FYI - I do not live in MA so I rarely hear EEI.

Thanks, Dale Arnold, for the compliment.
 
Yup, before free agency, the draft we worried about CB depth (and a starter),
WR depth (and a starter), LB depth (and a starter), safety depth (and a starter until Harrison was back). We didn't sign Law, Givens or McGinist.

We solved our problems with Warfield, Jackson, Caldwell, Gardner, Chad Brown, Hawkins and tebucky Jones. We made no major acquisitions (we have in the past) and chose to not spend $10M because we just couldn't find anyone who could help the team. We certainly don't need to save cap money for next year and the year after.

How well we think we did seems to depend on how much kool-aid we drink.

AzPatsFan said:
Someone here posted:

We are worried about CB depth
We are worried about WR depth
We are worried about LB depth.

There is one word common to this discussion. D-E-P-T-H. We are worried about who plays after we lose the starters, or AND FIRST RESERVE, in the case of all three categories.

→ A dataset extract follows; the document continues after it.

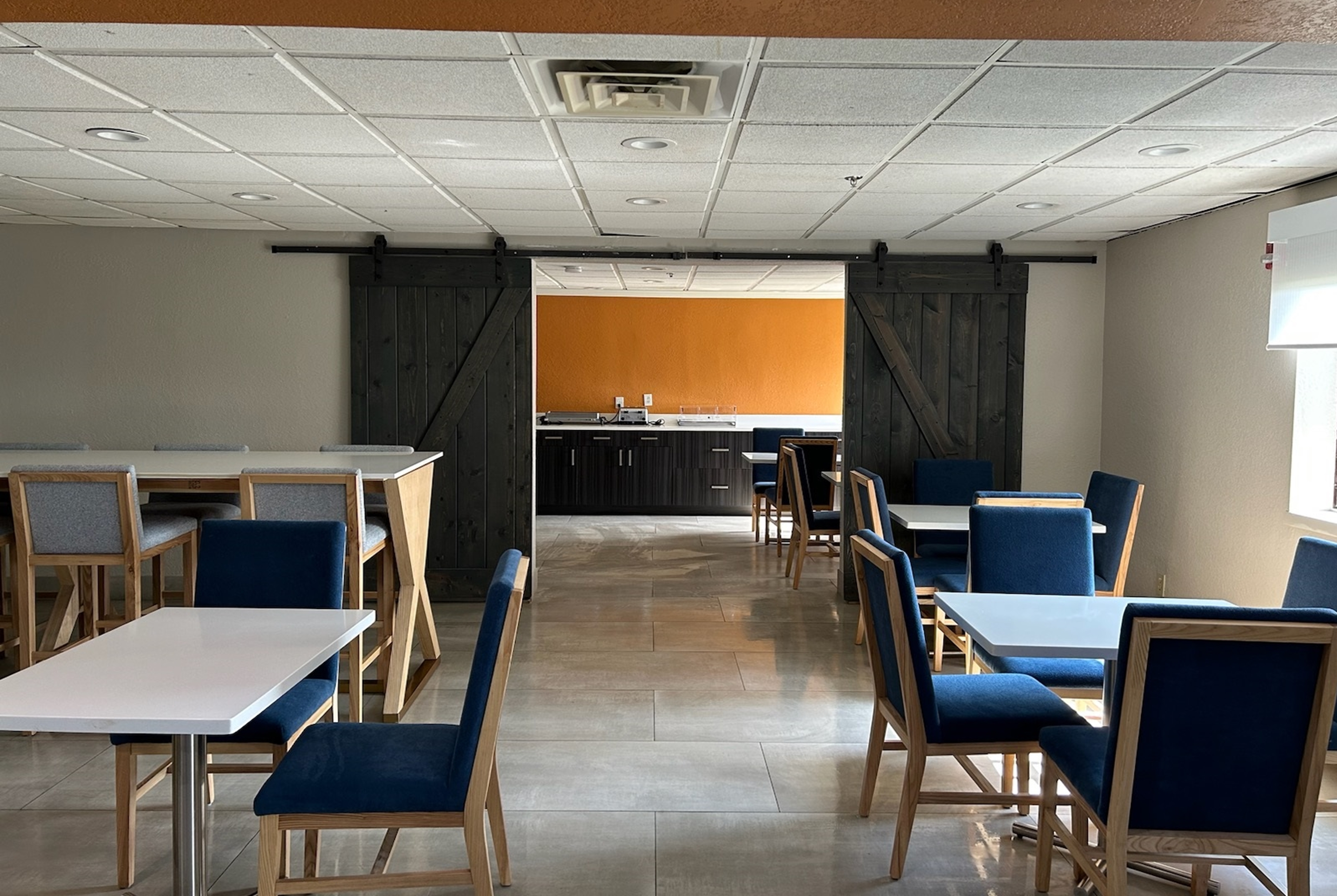 Free breakfast at Baymont by Wyndham Orlando South in Orlando, Florida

Who is first reserve at CB?. Depends. Lets say Samuel and Hobbs start; then is is Wilson or Gay or Scott or Warfield? The only thing they all have in common is they are ex-starters in the League!

Who is first reserve at WR? Reche Caldwell, if Branch and Brown are the starters, and then a high draft pick rookie. We're actually complaining about Bam Childress or Stone as the third backup!

Who is the third reserve at ILB? Probably Vrabel. Who is the fourth? Gardner. Who is the fifth? Davis. What do they all have in common? They have all been starters in th league! The third reserve Davis, was a starter in a Super bowl for the Rams.

Who is the third reserve OLB? Chad Brown or TBC maybe Mincey. A multi year pro bowler now with a full TC under his belt, or a 4th year guy who has paid the price for the DE to LB conversion. And Mincey makes three. We're actually worried about the fourth or fifth OLB.


What about teams that have actual holes and are depending on rookies to Play, you know, starting positions? How 'bout them Colts? Two Guards and a LB will be virtual rooks with no playing experience, certain to replace guys who are walking "holes".

We should want or need such problems!?!?


"I complained I had no shoes, until I met a man who had no feet".